# Kalmyk Text-to-Speech with Tacotron2 and Waveglow

This is a Kalmyk female voice TTS demo using open source projects [NVIDIA/tacotron2](https://github.com/NVIDIA/tacotron2) and [NVIDIA/waveglow](https://github.com/NVIDIA/waveglow).

You can download the Kalmyk TTS dataset from [mongolian-nlp](https://github.com/tugstugi/mongolian-nlp#datasets).

For other deep-learning Colab notebooks, visit [tugstugi/dl-colab-notebooks](https://github.com/tugstugi/dl-colab-notebooks).

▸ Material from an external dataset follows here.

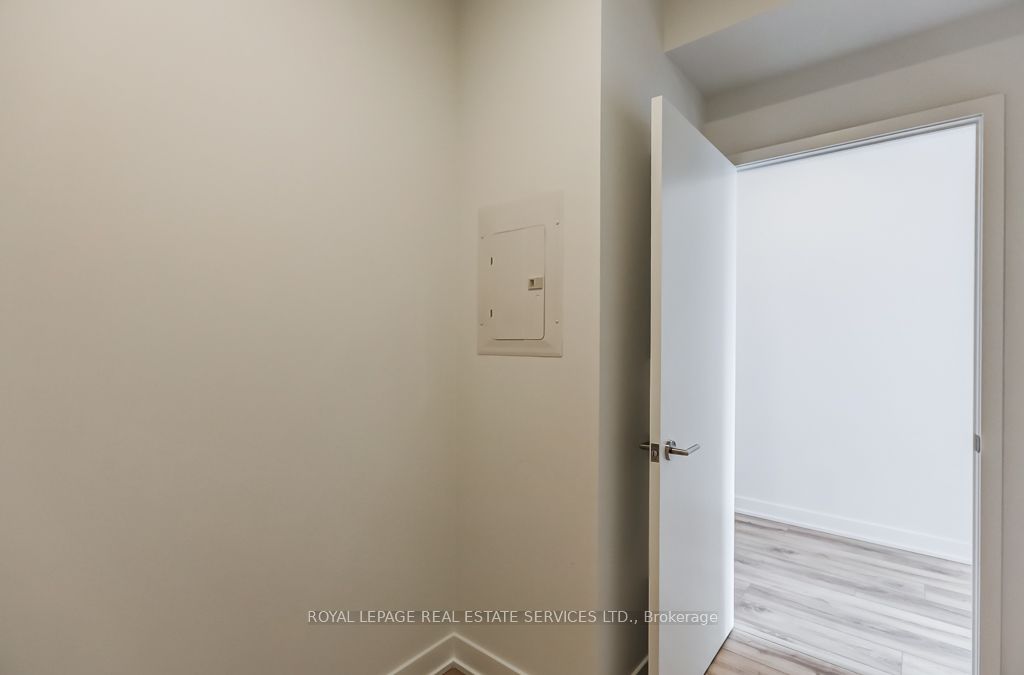 Additional image 6 of 1005-1660 Bloor Street W, Toronto, ON, M6P 1A8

## Install Tacotron2 and Waveglow

In [1]:
#
# clone Tacotron2/Waveglow
#
%tensorflow_version 1.x
import os
from os.path import exists, join, basename, splitext

git_repo_url = 'https://github.com/NVIDIA/tacotron2.git'
project_name = splitext(basename(git_repo_url))[0]
if not exists(project_name):
  # clone and install
  !git clone -q --recursive {git_repo_url}
  !cd {project_name}/waveglow
  !pip install -q librosa unidecode gdown
  
import sys
sys.path.append(join(project_name, 'waveglow/'))
sys.path.append(project_name)

#
# download pretrained models
#
tacotron2_pretrained_model = 'kalmyk_tacotron2_19000'
if not exists(tacotron2_pretrained_model):
  # download the Tacotron2 pretrained model
  !gdown https://drive.google.com/uc?id=1MFzP3Xxwd0NQsew_rszrjfNOwB6gyRBX
waveglow_pretrained_model = 'waveglow_256channels_universal_v5.pt'
if not exists(waveglow_pretrained_model):
  # download the Waveglow pretrained model  
  !gdown https://drive.google.com/uc?id=1rpK8CzAAirq9sWZhe9nlfvxMF1dRgFbF

#
# Update symbols
#

symbols = """
from text import cmudict
_pad        = '_'
_punctuation = '!,.? '
_special = '-'
_letters = 'абвгдеёжзийклмноөпрстуүфхцчшъыьэюяәһҗң'
_arpabet = ['@' + s for s in cmudict.valid_symbols]
symbols = [_pad] + list(_special) + list(_punctuation) + list(_letters)
"""
open('tacotron2/text/symbols.py', 'wt').write(symbols)

#
# initialize tacotron2/waveglow
#

import IPython.display as ipd
import numpy as np
import torch

from hparams import create_hparams
from model import Tacotron2
from layers import TacotronSTFT
from audio_processing import griffin_lim
from text import text_to_sequence
from denoiser import Denoiser

def plot_data(data, figsize=(16, 4)):
    fig, axes = plt.subplots(1, len(data), figsize=figsize)
    for i in range(len(data)):
        axes[i].imshow(data[i], aspect='auto', origin='bottom', 
                       interpolation='none', cmap='viridis')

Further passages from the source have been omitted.